私たちジェネシア・ベンチャーズは、「新たな産業の“種”から”最初の芽”を出すこと」を自分たちの役割だと考え、2016年の設立から一貫して、創業初期のスタートアップの1stラウンドにおいて投資をしてきました。シード投資の意思決定にあたり、私たちは「起業家(経営チーム)」と同じくらい「マーケット」を重視しています。このスタイルを取る前提には、私たちがミッションとして掲げている「持続可能な産業創造プラットフォーム」の実現があります。マーケットや事業領域が時代の大きな流れに沿うものなのか、人々の豊かさに繋がり、将来にわたり拡大していくことが信じられる領域なのかを考えながら、「マーケット」と「起業家(チーム)」の相性を見るようにしています。

現にジェネシア・ベンチャーズ社内では、属人化しがちなシード期の市場仮説の見立てを『Market.iO(マーケットアイオー)』という共通のフレームワークをもとに行うことで、その事業が社会に与えるインパクトも加味して投資判断を進めています。

こうした市場仮説をもとに、ジェネシア・ベンチャーズの各キャピタリストが2024年に注目している領域をまとめてみました。事業相談やオフィスアワーも随時行っていますので、フォーム各キャピタリストのSNSまでお気軽にご連絡ください!

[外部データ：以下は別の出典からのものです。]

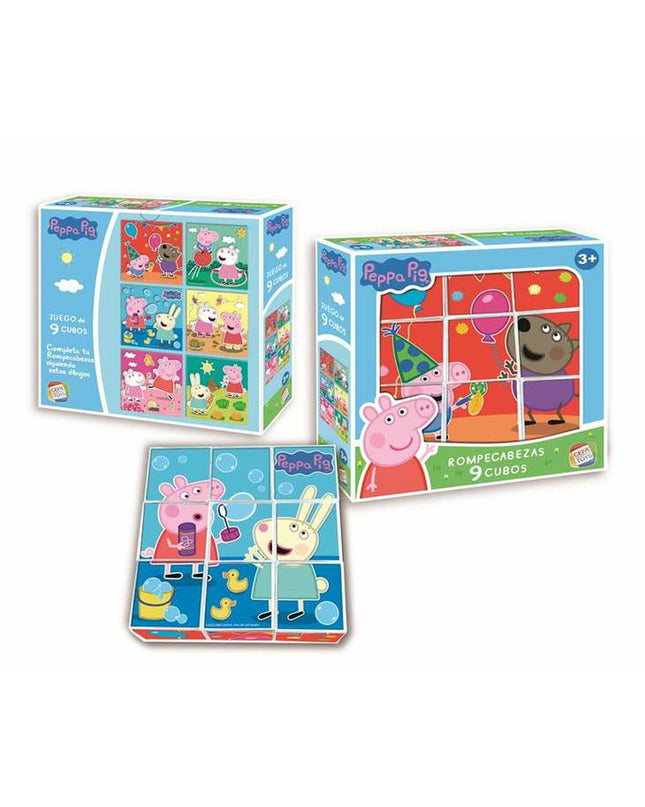 Peppa Pig puzzle with 9 pieces, measuring 20x20x5 cm, featuring colorful Peppa Pig characters for children’s play and learning.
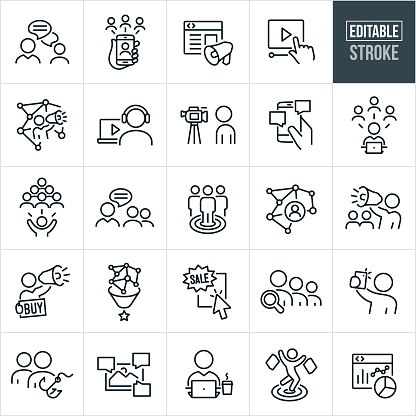 A set of social media marketing icons that include editable strokes or outlines using the EPS vector file. The icons include an online chat, smartphone with social media concept, website with bullhorn, online video, social media manager using a bullhorn and surrounded by a social network, person with headphones viewing a video on his laptop, social median influencer recording a video, online conversation on smartphone, social media manager using social media from laptop to reach customers, person using social media to reach target audience, target audience, social network, social media marketer with bullhorn and people in background, social media marketer holding a buy sign while shouting through bullhorn, social media data filtering, online sale, social media influencer taking video of herself using her smartphone, blogging, social media expert on computer blogging, target customer and social media data analysis to name a few.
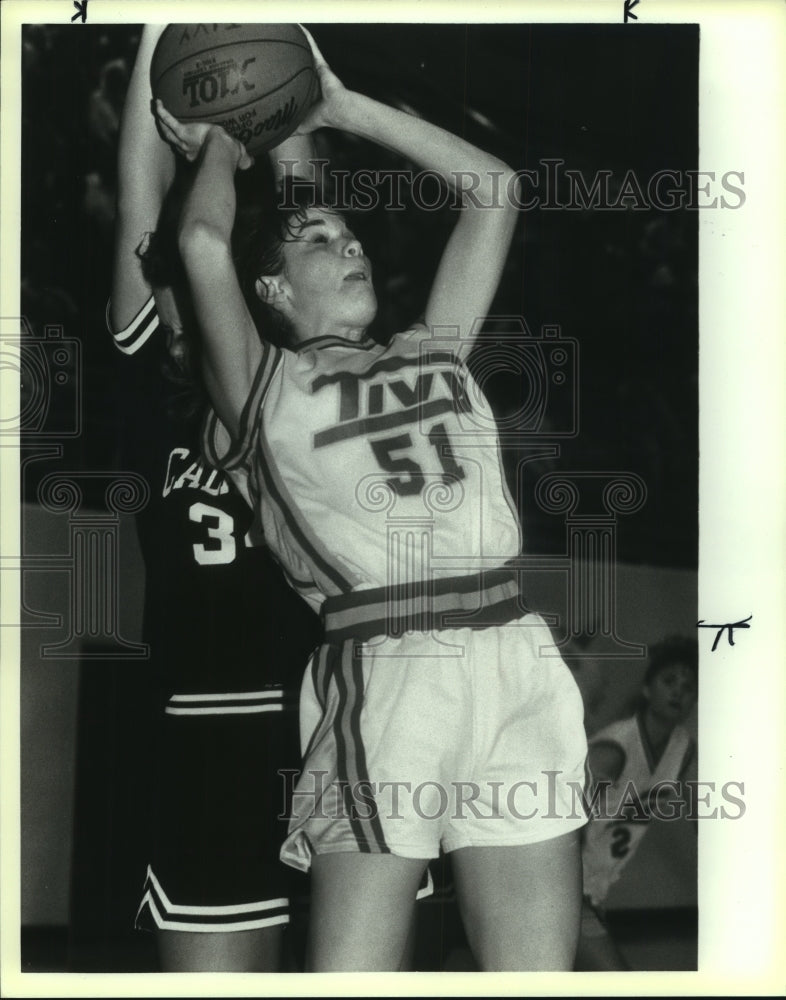 1990 Press Photo Brenda Kunz, Tivy High School Basketball Player at Game- Historic Images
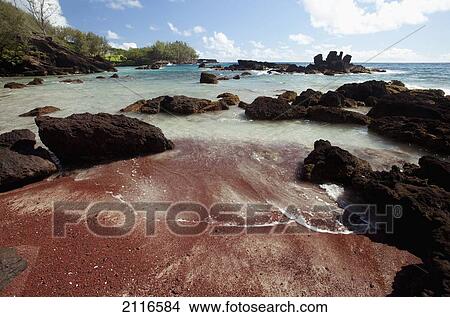 Picture - Hawaii, Maui, Hana, A sunny view of Koki Beach on a calm day.. Fotosearch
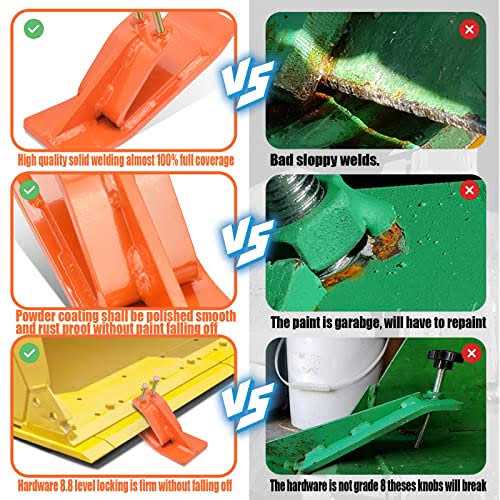 Tractor Bucket Protector, 2Pcs Ski Edge Protector, Turf Tamer Skid Protector with Grade8.8 Double Lock Nuts and Bolts - Cheap Fitting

※このブログで記載しているものは、特に注目している領域としてピックアップしたものです。この領域以外でも、創業前後・シード期の起業や資金調達相談はいつでも大歓迎ですので、気兼ねなくコンタクトしていただければ嬉しいです。

高度な技術で社会をより豊かで安全なものにする【AI-powered エコノミー領域】

リテールフィンテックの進化は、Post-ChatGPT時代においても継続的な注目を集めています。特に今後インフレ等による大規模な資金流入が予想される資産形成の領域では、高度にパーソナライズされた投資アドバイスが重要な役割を果たすと考えられます。従来のロボアドバイザーは、基本的なポートフォリオ管理やリバランシングを中心に機能していますが、複雑な財務計画や個々の投資家の独自のニーズに応じた高度な提案までは至っていません。個々の投資家のリスク許容度、投資目標、財務状況を綿密に分析し、人間のアドバイザーを超越した投資提案を実現することは、AI技術の高度化によって可能になると思います。投資は、チャートや数字だけではなく、感情的な側面をも含む複雑な決定プロセスです。ロボアドバイザーは近い将来データ分析だけでなく、感情コントロールも出来る「人間らしさ」も兼ね備えることが可能になり、より広範囲にサービスが広まると考えます。

さらに、AIは対話を超えて、エージェントとして具体的なタスクの実行をサポートする方向へと進化していくと考えています。そうなると時差の壁を超えて、世界中の市場で様々な取引が可能になり、ユーザーに新たな価値を提供するサービスの創出が期待されます。

祝 煜洲(Yushu Shuku)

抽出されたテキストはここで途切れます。